You did not. Not to detract from the course - I have no opinion on that and you seem to have got a lot out of it and sounds like fun. But in 5 days no instructor or course is going to give you anything more than a fairly superficial understanding of something like compiler theory.

It sounds a lot like a typical module from one of the more rigorous introductory undergraduate courses on compilers, that's good stuff!

Interesting, thanks for sharing. I would love to hear feedback on how the SICP course is. It looks like his classes are in person only which is unfortunate for those not in the US I guess.

Thanks for sharing this video. I had no idea who he was.

Also, David Beazley's work on SWIG is also outstanding! He deeply groks the C++ type system as well a plethora of other languages, and made a great tool that ties them all together.



>The Simplified Wrapper and Interface Generator (SWIG) is an open-source software tool used to connect computer programs or libraries written in C or C++ with scripting languages such as Lua, Perl, PHP, Python, R, Ruby, Tcl, and other languages like C#, Java, JavaScript, Go, Modula-3, OCaml, Octave, Scilab and Scheme. Output can also be in the form of XML or Lisp S-expressions.

Original author(s): David M. Beazley

What collection of books or topics would be a suitable replacement for the CS fundamentals most discussed by SICP? When I hear people praise this book, it's often in somewhat vague terms.
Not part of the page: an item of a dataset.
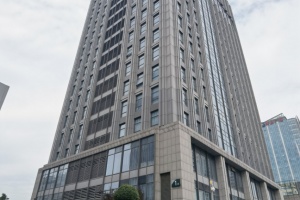 杨高中路9号线中新传媒大厦188平精装修办公室出租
I wish they rewrote this using Python code.

Maybe someone can take up the mantle on that.

This sentiment I do not understand.

Scheme, especially the subset used in SICP, is about the simplest language you can have in programming. It was meant to be understood by freshmen with no prior exposure to programming (while incidentally being a more expressive language than mainstream ones, including Python). Is it so hard to spend the couple of minutes it takes for a person who's already a programmer on understanding the language used in this book? Is it so appalling to read a syntax more consistent than you're used to?

Way to miss the point of the book. But a surprisingly common one.


and just to clarify my why, it really bothers me that people who do python tend to only want to do python, as if it's some advanced, modern language and the only choice for doing code if you don't like c# or java or c++. it's well over two decades old, which isn't a problem in and of itself, but python ignored and has continued to ignore better programming language designs both before and after it was created. how about you learn something new, and just use a lisp or scheme, just as the course and book does, like racket? and if one doesn't want to use a lisp or scheme, then an ml language like sml, f#, or ocaml would be the next best choice.

python is a scripting language. it should have stayed that way, but instead, it's used to build large systems and to teach programming to people. it's a real shame.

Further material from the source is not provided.